Increasing the supply of housing has to be a key component of providing “safe affordable homes for all New Yorkers,” as de Blasio calls for on his campaign website. This has to mean zoning significantly more land for high-rise residential construction as well as incentivizing the construction of affordable housing units in that new construction.

At the same time, de Blasio must attend to the concerns of those negatively impacted by the new construction. Hence, the riddle of now versus later.

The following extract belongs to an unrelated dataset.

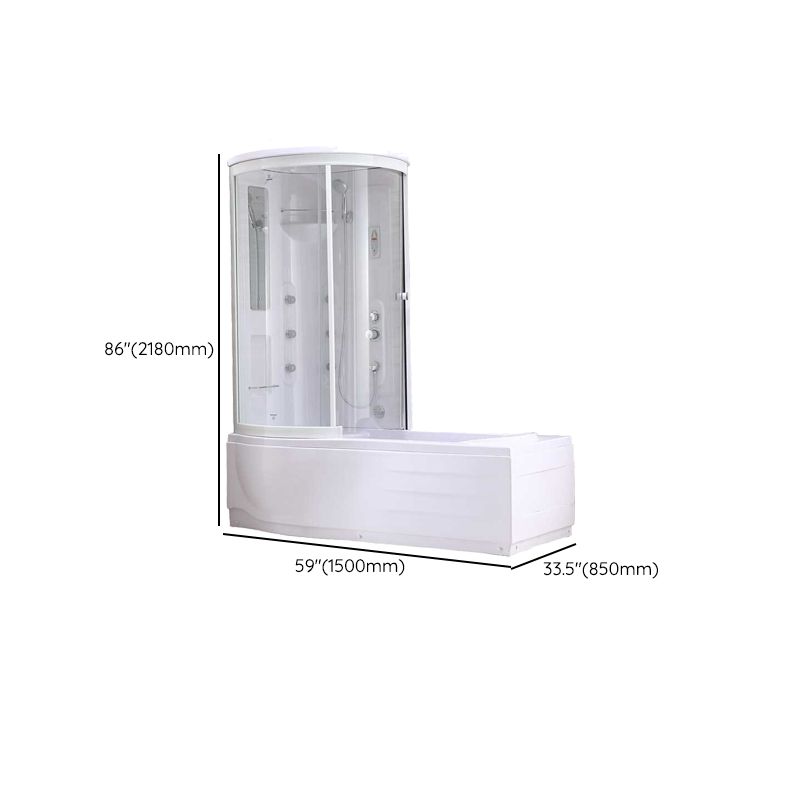 White Round Tub & Shower Kit Clear Tempered Glass Tub & Shower Kit Clearhalo 'Bathroom Remodel & Bathroom Fixtures' 'Home Improvement' 'home_improvement' 'home_improvement_shower_stalls_enclosures' 'Shower Stalls & Enclosures' 'shower_stalls_enclosures' 'Showers & Bathtubs' 1200x1200_9a4a1c45-e008-493b-a25e-22b9d79665c3
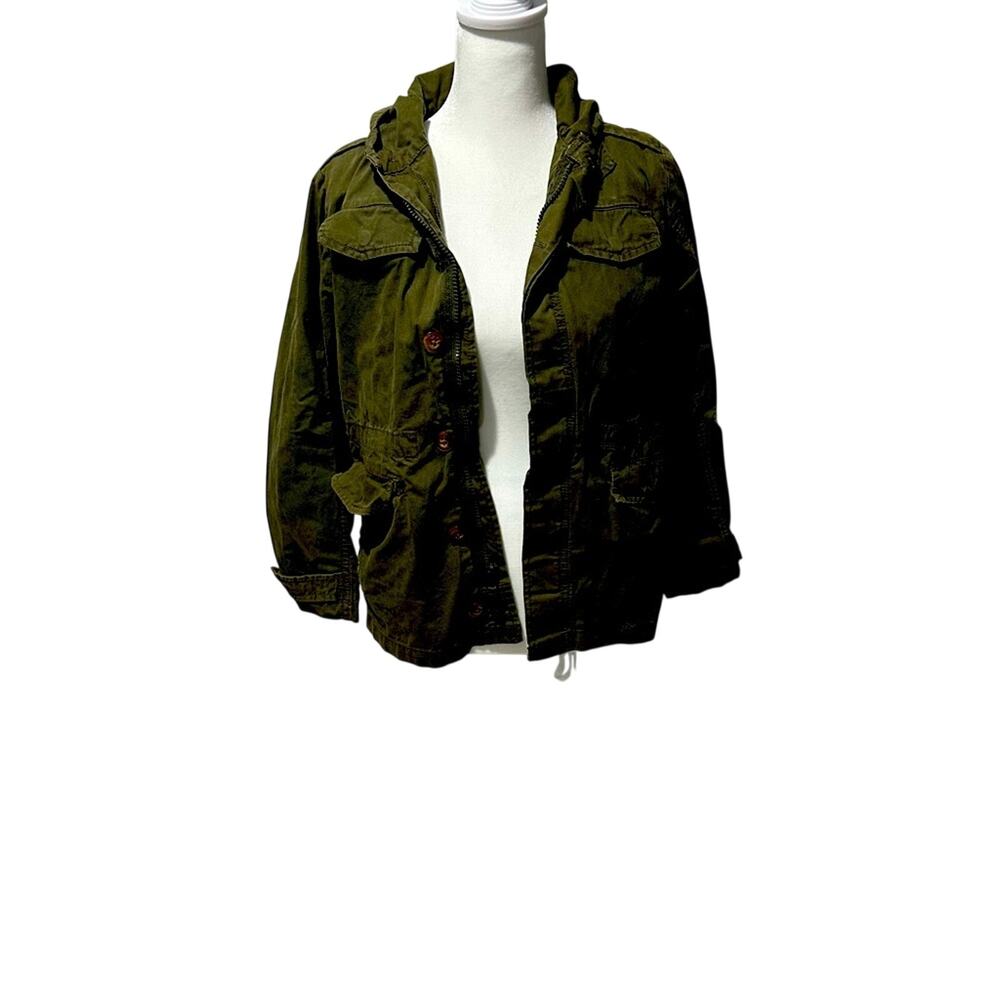 Girls Army Green Utility Jacket, Size Medium 10/12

The Riddle of the Few Versus the Many

The de Blasio campaign website calls for “tighter standards that ensure subsidies meet the needs of lower-income families and are distributed equitably throughout the five boroughs.” Distributing affordable housing subsidies equitably throughout the city is important, but there is another equity issue — should the city heavily subsidize affordable housing for a small portion of those who are eligible or should it distribute resources more broadly and thinly among everyone who is eligible?

Fewer than 8 percent of low- and middle-income households receive a direct or indirect subsidy for an apartment (excluding public housing) while more than 20 percent live below the poverty line of $23,283 annually for a family of four.

Should the city’s limited resources be used to create a relatively small number of new affordable units or should some of them be used in ways that benefit a broader swath of low- and moderate-income New Yorkers, albeit more modestly?

Certain policies can address the needs of many, many more low- and moderate-income households than does heavily subsidized new construction that houses perhaps a few thousand low- and moderate-income households each year.

Examples of such policies include tax credits for low- and moderate-income households that put money in their pockets and increased enforcement directed against landlords who try to illegally drive their tenants out of rent-regulated units. On the other hand, without an affordable apartment, staying in NYC can just be untenable no matter what additional benefits the government may be able to provide through more broadly available programs.

Thus, the third riddle is — do you give a lot of help to a few or do you give a little help to the many? It’s like choosing between the rock and the hard place for policymakers and New Yorkers alike.

Mayor-Elect de Blasio and his team will have to struggle with these riddles, and more. The only thing that is clear is that there are no right answers and no easy answers when it comes to housing policy in New York City.

—By David Reiss, Brooklyn Law School

David Reiss is a professor of law at Brooklyn Law School. He concentrates on real estate finance and community development and writes about housing policy.